Even though it might be surprising for you to hear a psychologist publicly stating that people are better off single than married. However, it will probably be as shocking to realize that this idea of being on our own could actually be true.

Therefore, although shocked by the revelation of this insight, if carefully considered, it is actually not at all difficult to believe in it. Research has challenged some traditional, commonly accepted ideologies by analyzing and comparing people who have stayed single with those who have married. As a result, it has been concluded that people who are single have powerful sense of self-determination and bigger chances to grow and develop as persons.

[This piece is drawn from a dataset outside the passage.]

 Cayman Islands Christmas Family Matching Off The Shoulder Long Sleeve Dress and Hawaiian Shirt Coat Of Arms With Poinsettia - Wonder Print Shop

They possess heightened sense of self-awareness .They live their best, most meaningful and authentic life. They value meaningful work more than married people and feel self-sufficient. Self-sufficiency serves them well and thus they experience negative emotions less than married people. This research is supported by statistical data i.e. according to the Office of National Statistics, in 2016 there were approximately 16.2 million single people in the United Kingdom and 23.7 million married people. If this is compared with the year 2002, it can be concluded that the number of single people has increased whereas the number of married people has remained almost the same i.e. in 2002 there were 12.5 million single people and 23 million people. In addition, science has also proven that staying single is better for your health than being married. Getting married will not make you healthier or make you live longer. Instead, science has determined that the carelessness of being single makes you more vibrant, youthful and thus healthier.

There are many reasons for staying single. However, most of them are rarely acknowledged. Single people are more connected with their family, friends and neighbors unlike married people who become uninterested in other people outside their own experience. The worst association made with being single is the menacing loneliness. People are preoccupied with this threat of staying alone and lonely and therefore, they are totally wrong when interpreting the concept of being single. It is high time we describe this notion more precisely. Single people are not afraid of single life, they are aware of their real strength and flexibility because that is what makes their life meaningful. They accept solitude as a state that brings profound benefits and ignore the preoccupation with the perils of loneliness which much too often conceals the quality of solitude. What is more fascinating is that even though family and friends enjoy celebrating other people’s marriages this is actually their initial reaction to marriage but the fact is that after some time plenty of these persons end up acting much more negative to these married people. We should all understand that getting married does not necessarily mean being happier since there is no concrete evidence that supports this. Instead, we should be aware that getting married does not bring long-term happiness but it makes persons considerably less happy.